RAW DATA:
━━━━━━━━━━━━━━━━
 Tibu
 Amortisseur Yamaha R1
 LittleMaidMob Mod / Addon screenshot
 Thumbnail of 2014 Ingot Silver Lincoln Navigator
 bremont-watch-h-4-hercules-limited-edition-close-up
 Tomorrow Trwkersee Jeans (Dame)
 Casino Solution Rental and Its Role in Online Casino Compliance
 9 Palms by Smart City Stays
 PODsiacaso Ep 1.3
━━━━━━━━━━━━━━━━
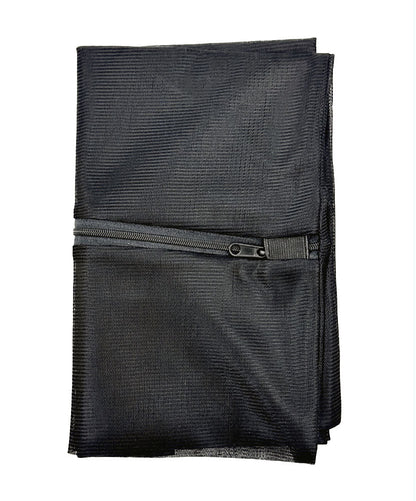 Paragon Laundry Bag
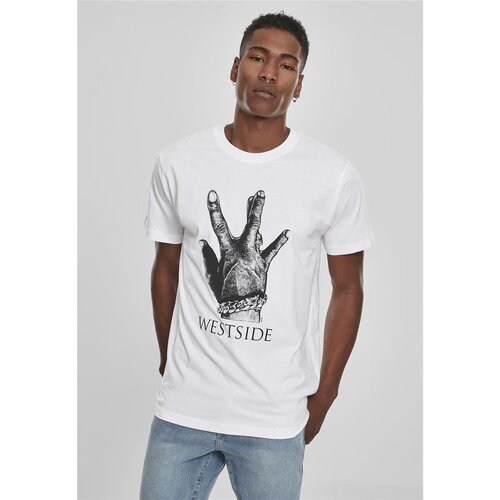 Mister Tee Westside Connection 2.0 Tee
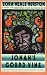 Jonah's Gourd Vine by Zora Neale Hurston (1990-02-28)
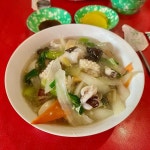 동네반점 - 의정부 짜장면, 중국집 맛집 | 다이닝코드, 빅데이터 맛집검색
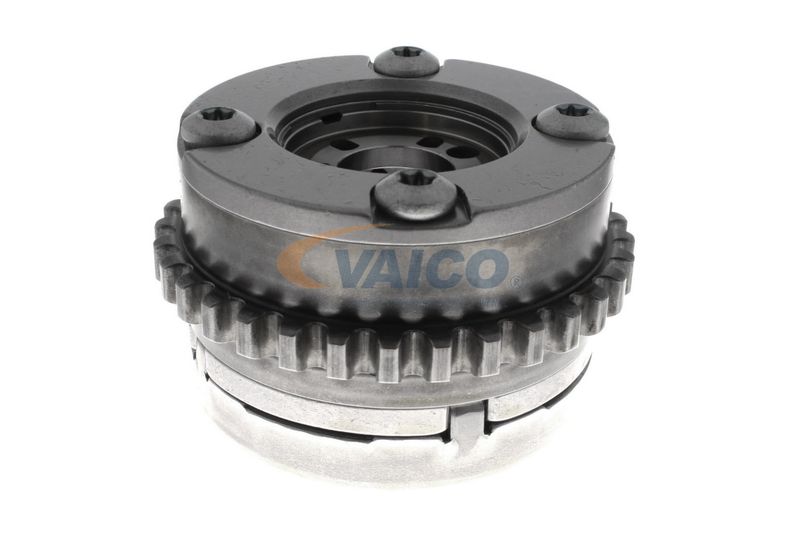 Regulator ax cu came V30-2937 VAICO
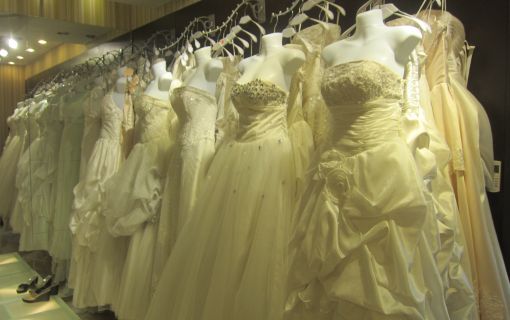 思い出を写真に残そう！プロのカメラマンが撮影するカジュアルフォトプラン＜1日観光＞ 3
━━━━━━━━━━━━━━━━
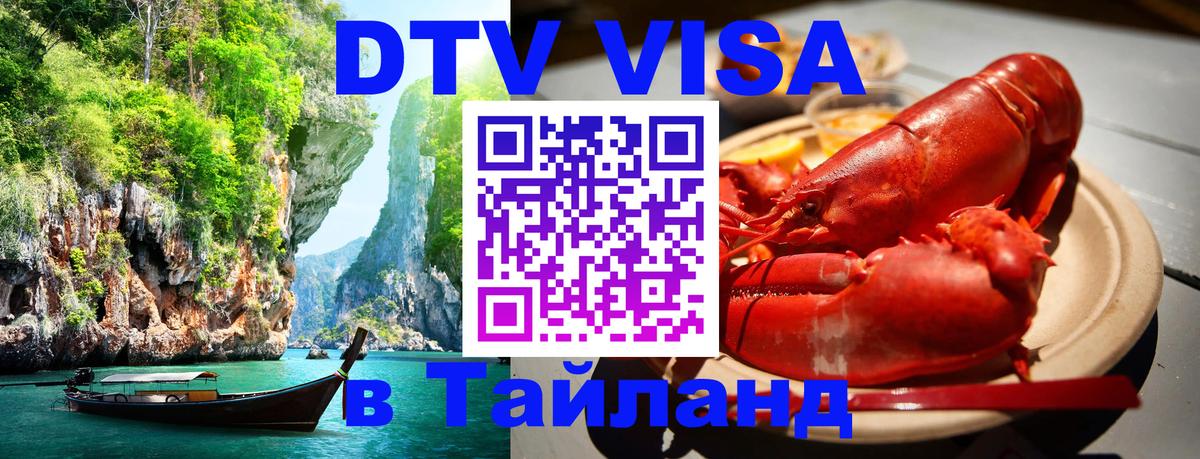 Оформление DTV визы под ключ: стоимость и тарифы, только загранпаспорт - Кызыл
━━━━━━━━━━━━━━━━
ACTIVITY:
Would you copy, word for word, only the lines above from the one containing "Jonah's Gourd Vine" through the one containing "思い出を写真に残そう！プロの", both included, and please leave out the pictures?

REPLY:
 Jonah's Gourd Vine by Zora Neale Hurston (1990-02-28)
 동네반점 - 의정부 짜장면, 중국집 맛집 | 다이닝코드, 빅데이터 맛집검색
 Regulator ax cu came V30-2937 VAICO
 思い出を写真に残そう！プロのカメラマンが撮影するカジュアルフォトプラン＜1日観光＞ 3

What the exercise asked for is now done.